[V4 03/16] tools/perf: Add support to capture and parse raw instruction in powerpc using dso__data_read_offset utility
Athira Rajeev
atrajeev at linux.vnet.ibm.com
Tue Jun 25 22:38:49 AEST 2024
> On 25 Jun 2024, at 10:59 AM, Namhyung Kim <namhyung at kernel.org> wrote:
>
> On Fri, Jun 14, 2024 at 10:56:18PM +0530, Athira Rajeev wrote:
>> Add support to capture and parse raw instruction in powerpc.

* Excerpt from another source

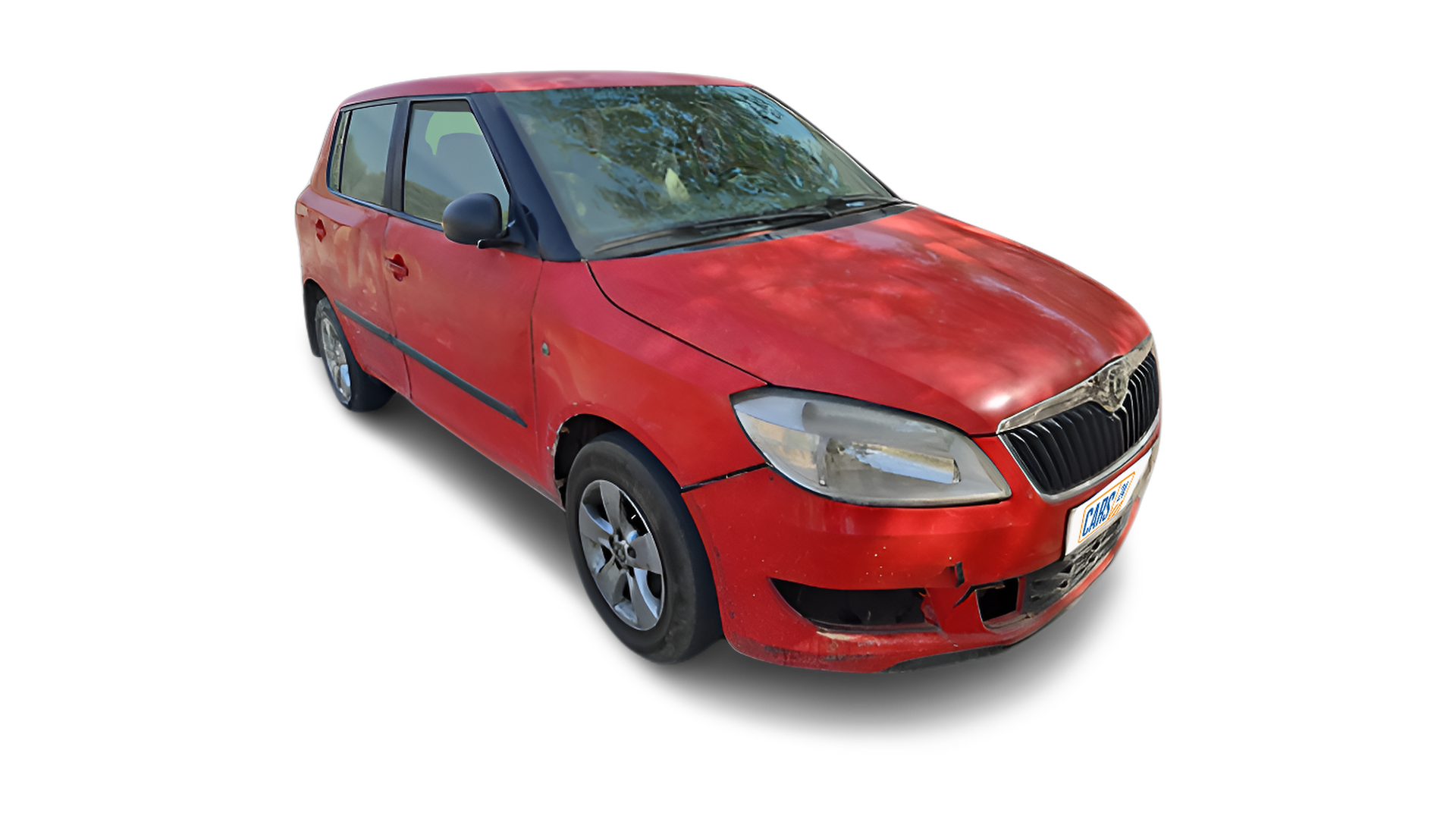2011 Skoda Fabia - Hatchback - Diesel - Manual - ₹73,900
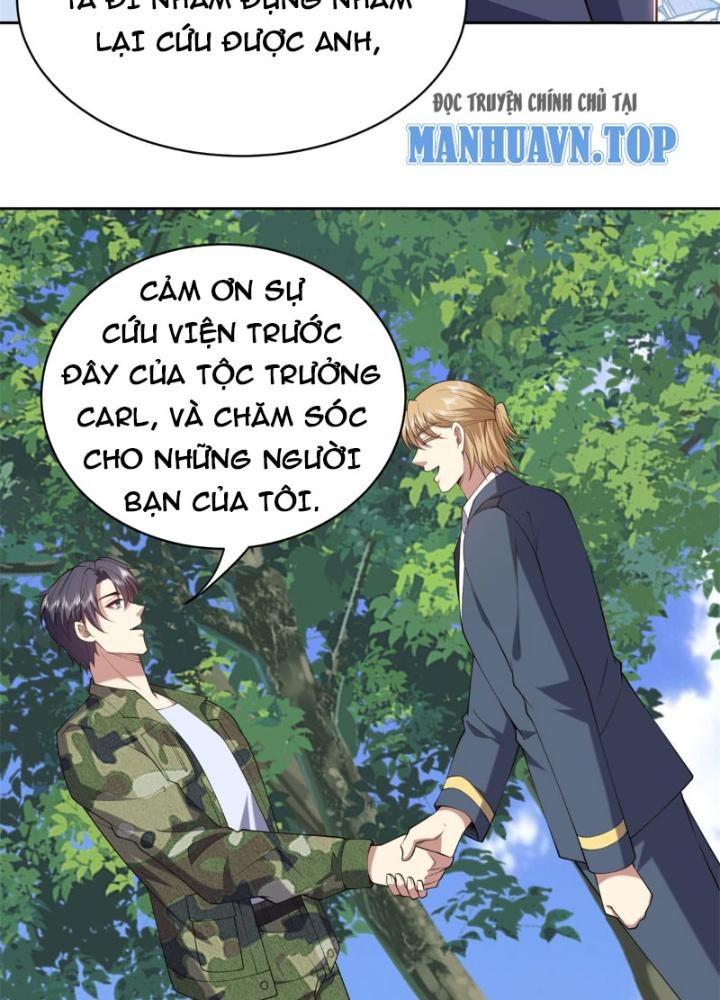 Ta Sống Cùng Nữ Tiếp Viên Hàng Không Tại Hoang Đảo Chapter 51 - Trang 2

>> Currently, the perf tool infrastructure uses two ways to disassemble
>> and understand the instruction. One is objdump and other option is
>> via libcapstone.
>>
>> Currently, the perf tool infrastructure uses "--no-show-raw-insn" option
>> with "objdump" while disassemble. Example from powerpc with this option
>> for an instruction address is:
>>
>> Snippet from:
>> objdump --start-address=<address> --stop-address=<address> -d --no-show-raw-insn -C <vmlinux>
>>
>> c0000000010224b4: lwz r10,0(r9)
>
> What about removing --no-show-raw-insn and parse the raw byte code in
> the output for powerpc? I think it's better to support normal
> annotation together.
Hi Namhyung,
Yes, In the other patch in same series, I have added support for normal annotation together.
Patch 5 includes changes to work with binary code as well as mneumonic representation.
Example representation using --show-raw-insn in objdump gives result:
38 01 81 e8 ld r4,312(r1)
Patch5 has changes to use “objdump” with --show-raw-insn to read the raw instruction and also support normal annotation.
In case of data type profiling, with only sort keys, (type, typeoff) there is no need to disassemble and then get raw byte code.
Binary code can be read directly from the DSO. Compared to using objdump, directly reading from DSO will be faster in this case.
In summary, current patchset uses below approach:
1. Read directly from DSO using dso__data_read_offset if only “type, typeoff” is needed.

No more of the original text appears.